Murder at Castaways Hotel

The murder of Cynthia Jo Dane at The Castaways Hotel on the Strip in 1982 garnered barely a mention in the local press. The Castaways was closed in 1987 and demolished in 2006. Pictured in the upper left corner is a room of the Castaways during the time of Dane’s murder. (LVCCLD/UNVL Digital Collection/Las Vegas Metropolitan Police Department)

The Castaways Hotel occupied its spot on the Strip for decades before finally being demolished in 2006.  While the hotel no longer exists, the unsolved murder of a young tourist that occurred within its confines remains a dark footnote to the property’s history.

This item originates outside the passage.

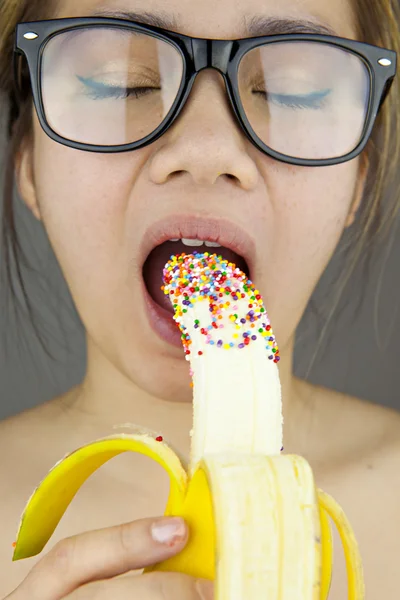 Όμορφη γυναίκα με μαύρα γυαλιά ηλίου σέξι τρώει Μπανάνα. Studio που γυρίστηκε — Φωτογραφία Αρχείου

Among the over eleven-million visitors to Las Vegas in 1982 was 24-year-old Cynthia Jo Dane and her father, arriving in the city just a few days before Christmas.  Dane arrived from Dallas on a vacation from her employment with a computer company in the booming Texas tech industry.  Her father arrived from Nebraska, where Dane originally hailed from.  This wasn’t the first trip the two had taken to the city and the father-daughter duo stayed at their favorite spot – Castaways.

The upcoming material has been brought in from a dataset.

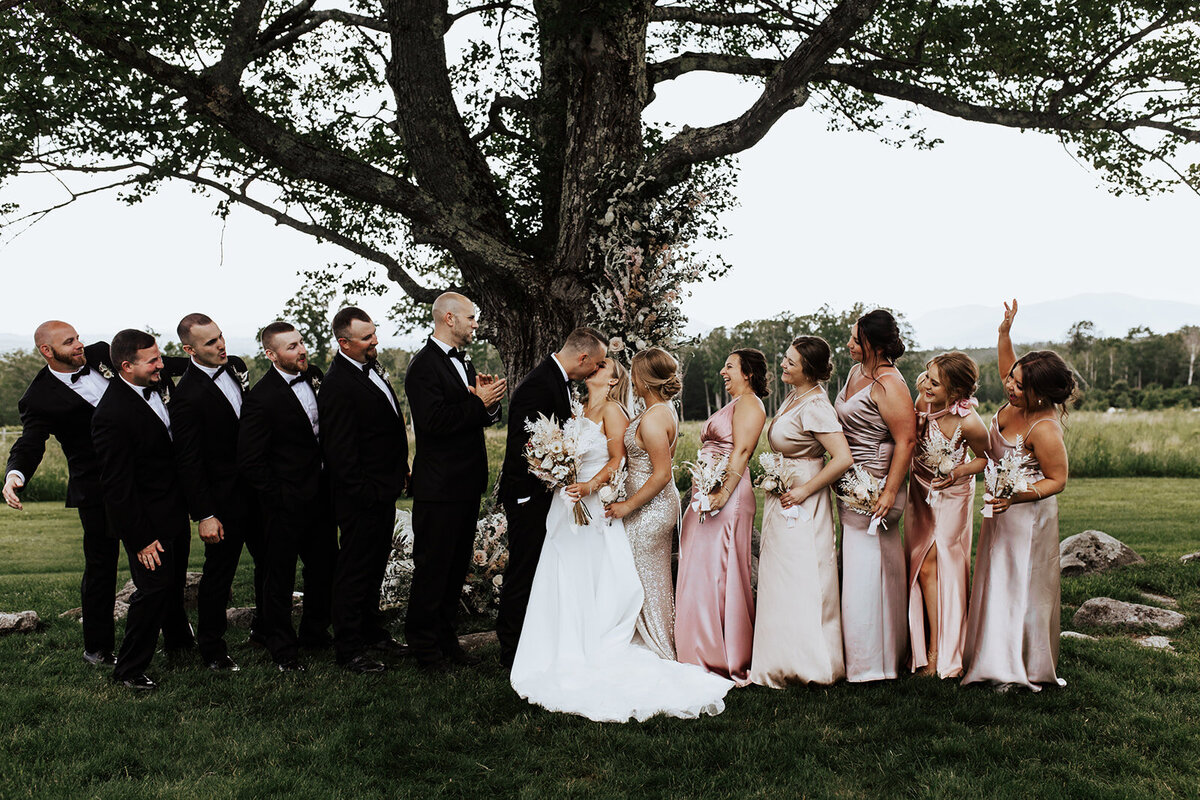 Bride and Groom kissing under the ceremony tree with bridal party looking onward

Cynthia Dane spent the night of December 23rd gambling at several casinos along the Strip and was last seen alive around 10:00 p.m. by her father while gaming.  At 1:50 a.m., Dane’s body was discovered by her father in her hotel room.  She had been stabbed repeatedly and sexually assaulted.  There is conflicting information on whether Dane was also robbed.

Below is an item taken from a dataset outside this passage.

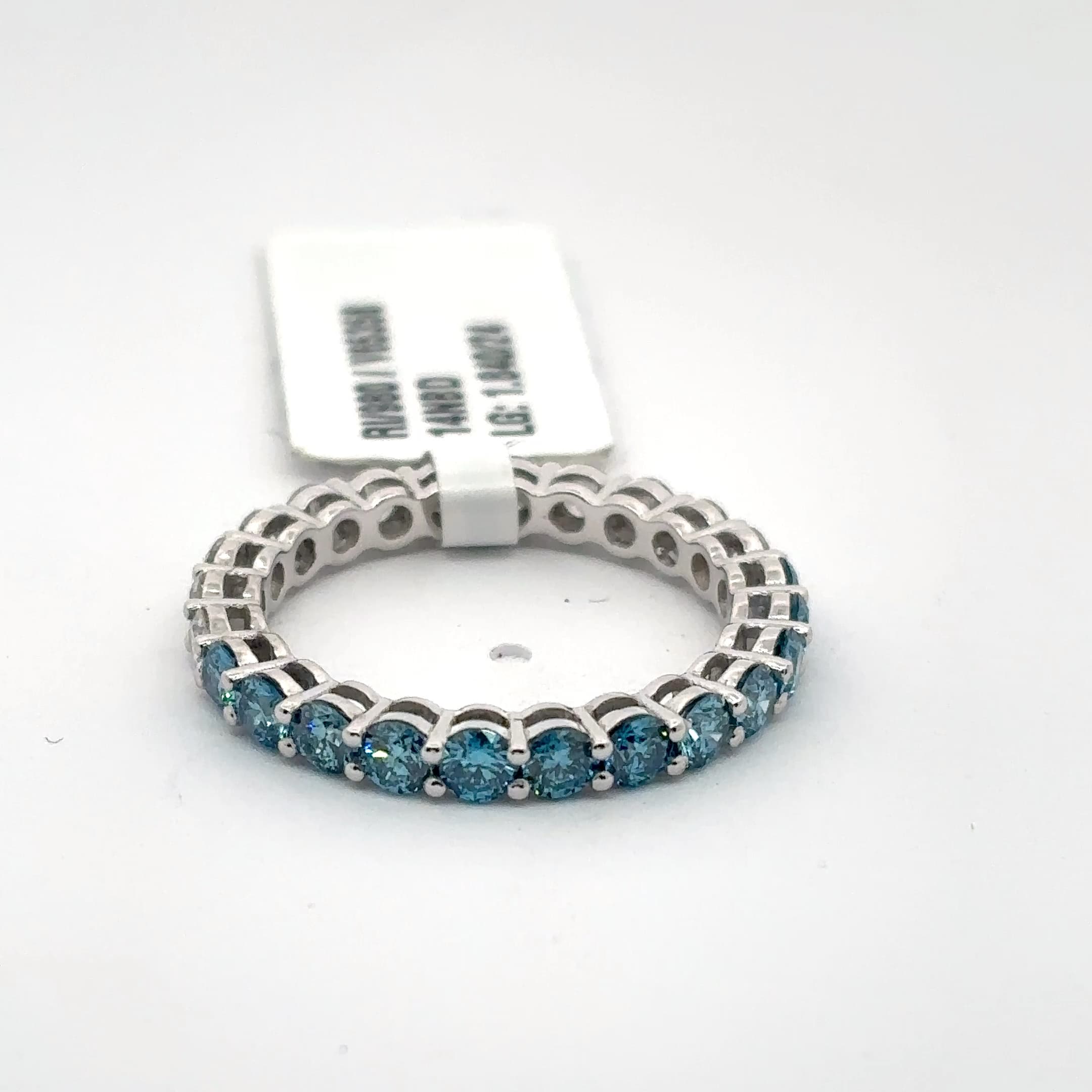 White Gold Eternity Ring with Round Blue Sapphires 2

It is worth noting that The Castaways was a raucous little establishment at this time, where the clanging of coins and some of the purest distortion of reality offered by 1980’s Vegas resulted in an assortment of characters interacting in an environment where almost nobody was properly equipped to assess danger, especially that posed by a cunning predator. 

(LVMPD)

The murder of a tourist in a popular Strip hotel apparently warranted only minimal coverage in one of the leading newspapers of the city, with a short report of the crime appearing ten pages deep in the Nevada News section of the Las Vegas Review-Journal next to an ad for a local podiatrist and above an article about a college student bicycling between Reno and Vegas over his winter break. 

A blurb from the following month indicated Dane’s family was offering a reward for any information leading to an arrest in her murder.  As of early 2024, Cynthia Dane’s murder is among dozens in the cold case files of the Metro homicide division awaiting resolution with the advent of new technology that has already solved nearly half-dozen cold cases in the Vegas area.